On BFR, walking out of the spaceport was walking into the jungle, untouched and amazing. Wild anything scared Kari’s people, though, so they’d built their capital—and their damned spaceport—on an island, and tamed the whole damn thing. The entire place was buildings and parks and gardens, everything growing where it should and nothing left that was mean enough to take a hand off a fool who wasn’t paying attention.

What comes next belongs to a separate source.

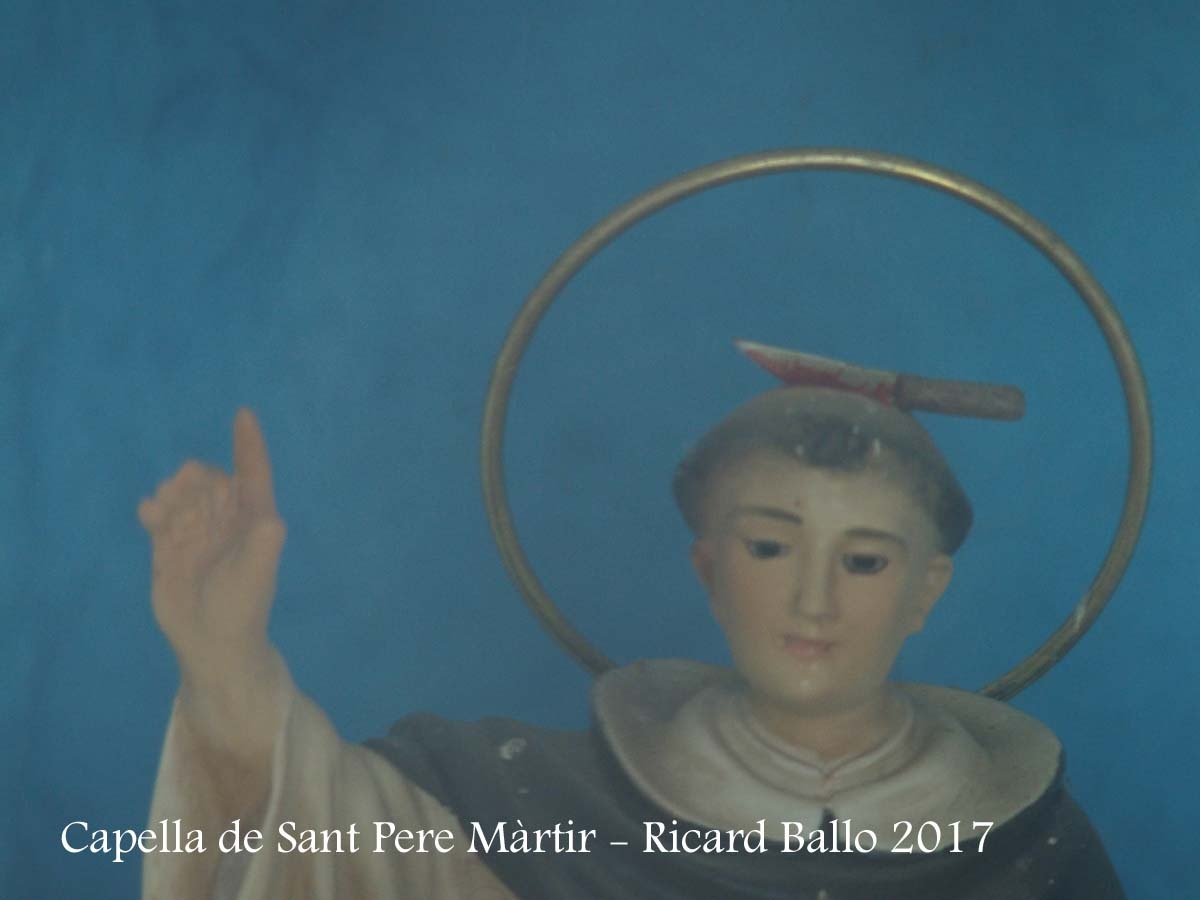 Capella de Sant Pere Màrtir – Sant Julià del Llor i Bonmatí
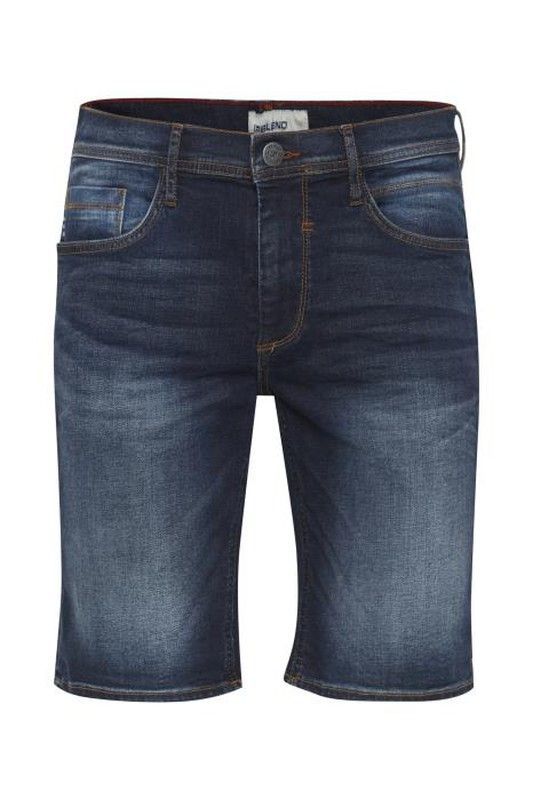Bermuda 5 bolsillos tejano oscuro Blend Of America Denim Darkblue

Unless the fool ran crosswise of a major tribe, anyway. Here and there among the crowded buildings lay a pile of rubble no one had got around to reclaiming yet.
Mmm, scene-setting fun…
Oh cool. I want to see more of Joss’ world. You’ve set the scene very well here, giving us an idea that Joss’ world isn’t as “civilized” as the people want it to be. The description of the buses is interesting too. They sound like the buses you’d find in some Latin American country. At least, that’s what it seems like from the descriptions I’ve read and seen on tv of those types of buses.